Mann’s Russian counterpart, Yuri Merzlyakov, described the mediators’ meeting with Kocharian as “very open and substantive,” saying that it focused on the unspecified “key elements of the basis of the future settlement.” Merzlyakov said the main result of the troika’s visit to Baku, Stepanakert and Yerevan was a confirmation of Kocharian’s next meeting with Azerbaijani President Ilham Aliev. The Armenian-Azerbaijani summit will take place in the Russian city of Kazan in late August shortly after yet another meeting of the two countries’ foreign ministers, he said.
Asked whether the co-chairs anticipate a breakthrough in Kazan, Merzlyakov replied, “We very much hope that this will happen, but not everything depends on us.”
“These are two very serious men,” Mann said for his part. “So I, for one, have the expectation that this will be a detailed and, I hope, very productive discussion.”
Armenian diplomatic sources privy to the peace process told RFE/RL last week that Aliev and Kocharian may well finalize a peace accord that will enable the predominantly Armenian population of Karabakh to determine its status at a referendum to be held within 10-15 years. They claimed that the vote will follow the liberation of all but one of the occupied Azerbaijani districts around Karabakh and the reopening of Armenia’s borders with Azerbaijan and Turkey.
The mediators pointedly refused to confirm or deny the claims, citing the confidentiality of the negotiating process.
Arkady Ghukasian, the president of the self-proclaimed Nagorno-Karabakh republic, also declined a comment on the issue as he met journalists in Stepanakert on Friday. Ghukasian, who has been highly skeptical about Azerbaijan’s commitment to mutual compromise, had rare words of praise for official Baku which he said has adopted a “more constructive” stance and toned down its militant rhetoric.
“Today Azerbaijan is expressing readiness to discuss topics that were closed for them in the past,” Ghukasian said, singling out the pivotal issue of Karabakh’s future status. “The Azerbaijani leadership is discussing that issue today both with the mediators and the leadership of Armenia,” he said.
Azerbaijani Foreign Minister Elmar Mammadyarov insisted on Friday that the negotiating process is being held “on the basis of Azerbaijan’s territorial integrity and the country’s constitution.” Reports from Baku quoted him as saying that the parties are now discussing a package agreement that consists of nine “elements,” including liberation of occupied Azerbaijani lands, return of refugees and deployment of international peacekeeping forces in the conflict zone. Mammadyarov made no mention of the status issue.

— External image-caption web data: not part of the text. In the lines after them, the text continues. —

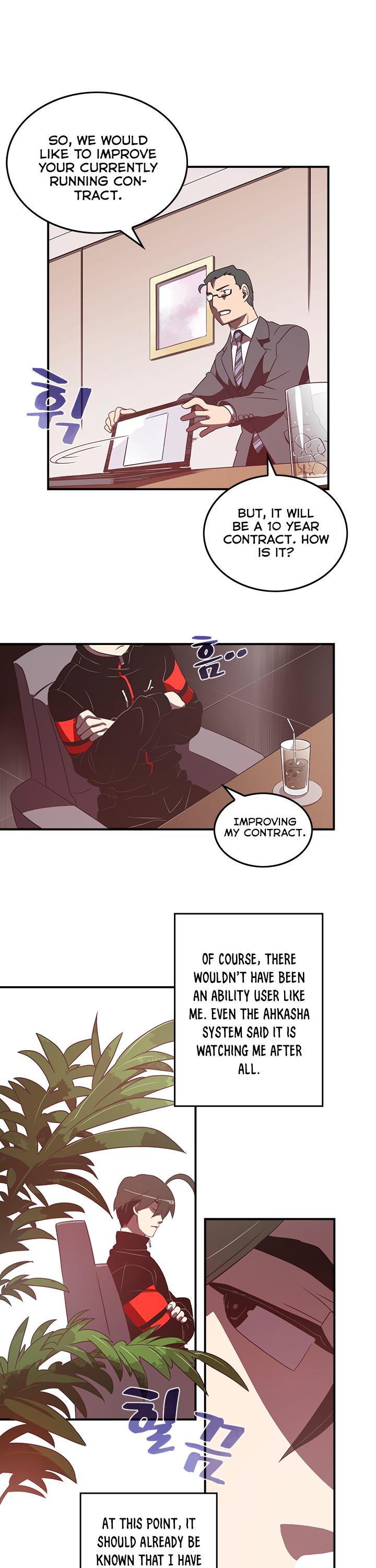 Page 10 of Chapter 28
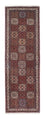 Tappeto corsia Tappeto Persero - Bidjar - 293 x 100 cm - multicolore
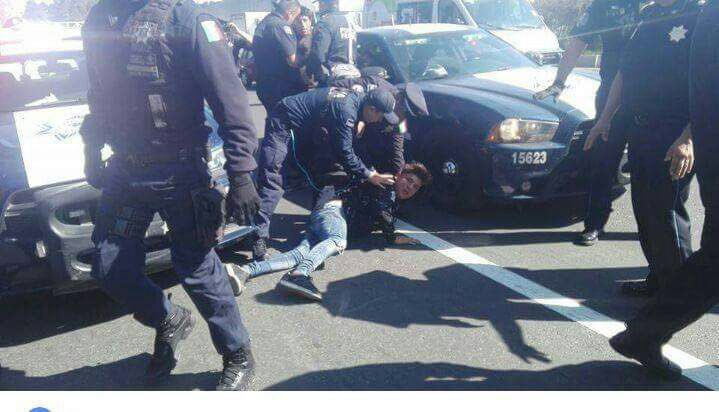noigonoigo's tweet photo. @DiarioMx360 @El_Universal_Mx 
Sí, ajá: https://t.co/Y0w6k0aps1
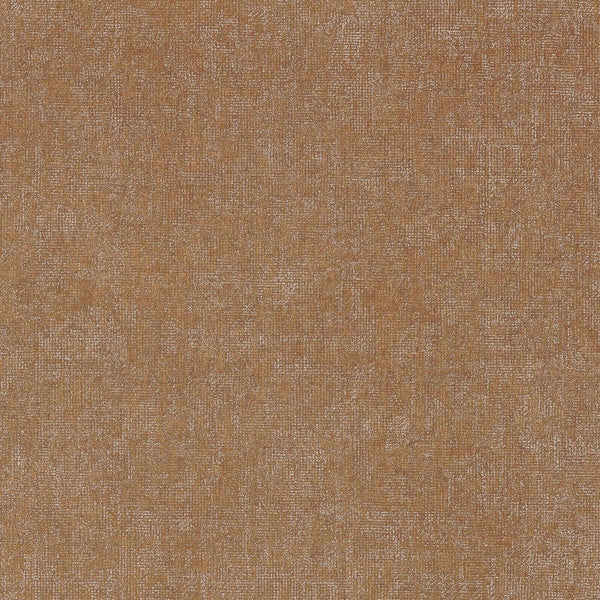 Tenere-behang-Tapete-Casamance-Tabac-Rol-75283874-Selected Wallpapers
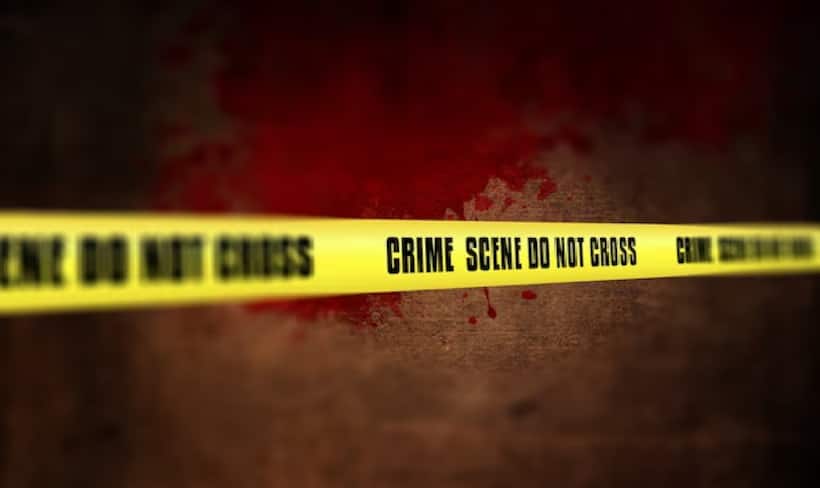Bengaluru man says 'doesn't matter if you die' before killing son over mobile addiction, smashing head on wall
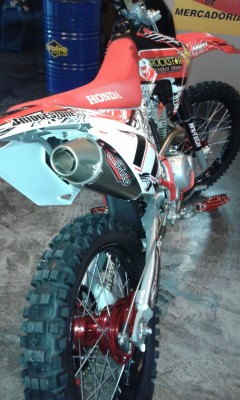 IMG-20160523-WA0193.jpg
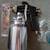 Heavy Duty Spray Gun 3 thumbnail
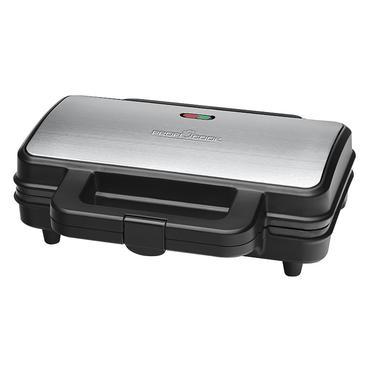 Proficook PC-ST 1092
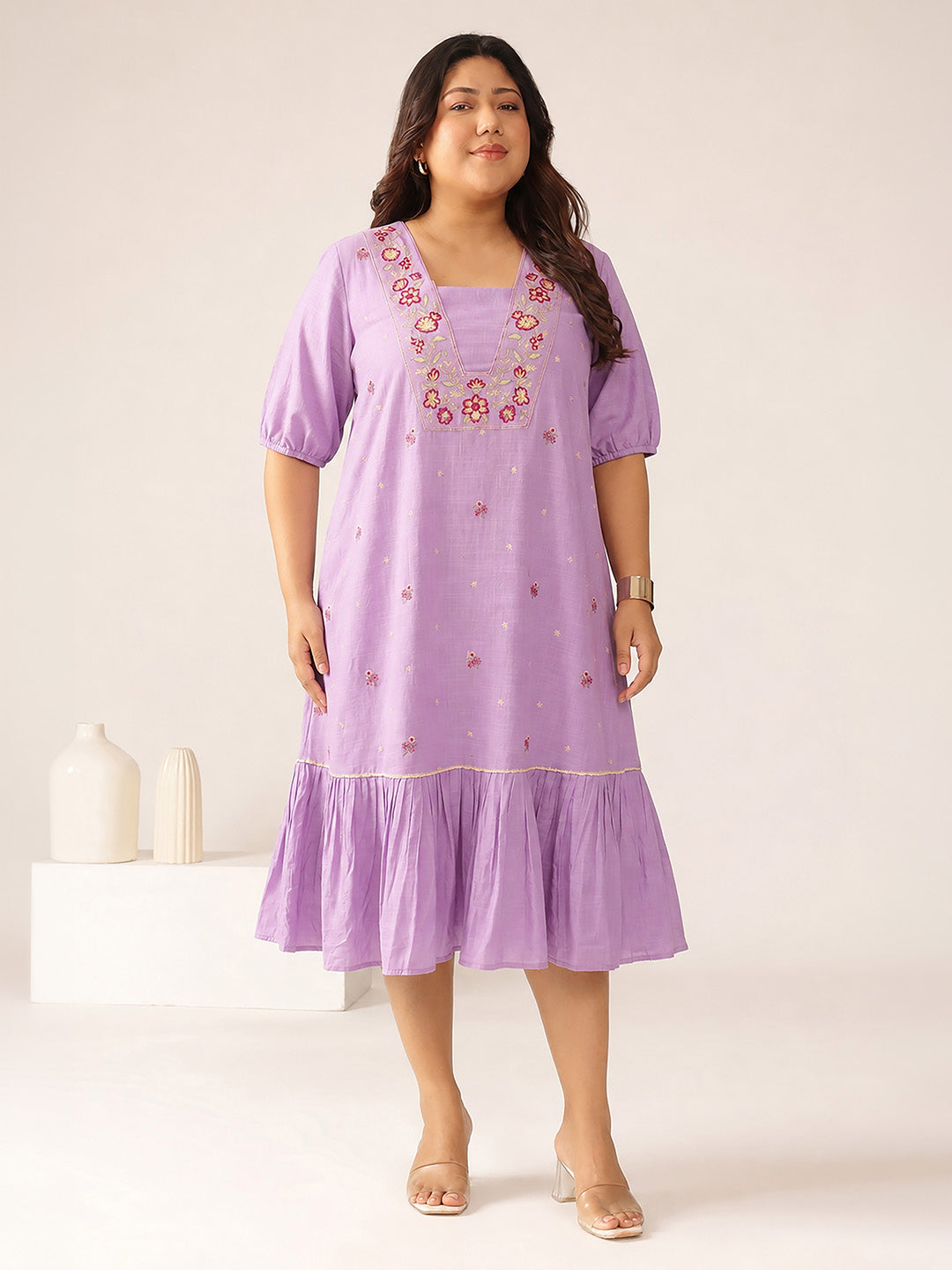Color_Lavender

The search for peace could be complicated by Azerbaijan’s parliamentary elections and a constitutional referendum in Armenia that are scheduled for this November. The ruling regimes in Baku and Yerevan are expected to face fresh challenges from their political opponents that are not averse to exploiting the Karabakh issue for political purposes.
“Theoretically, these events … should have no impact on the negotiating process,” said Bernard Fassier, France’s chief Karabakh negotiator. “But that is a theory. I can’t predict what will happen in practice in the political life of both countries during the pre-election campaign.”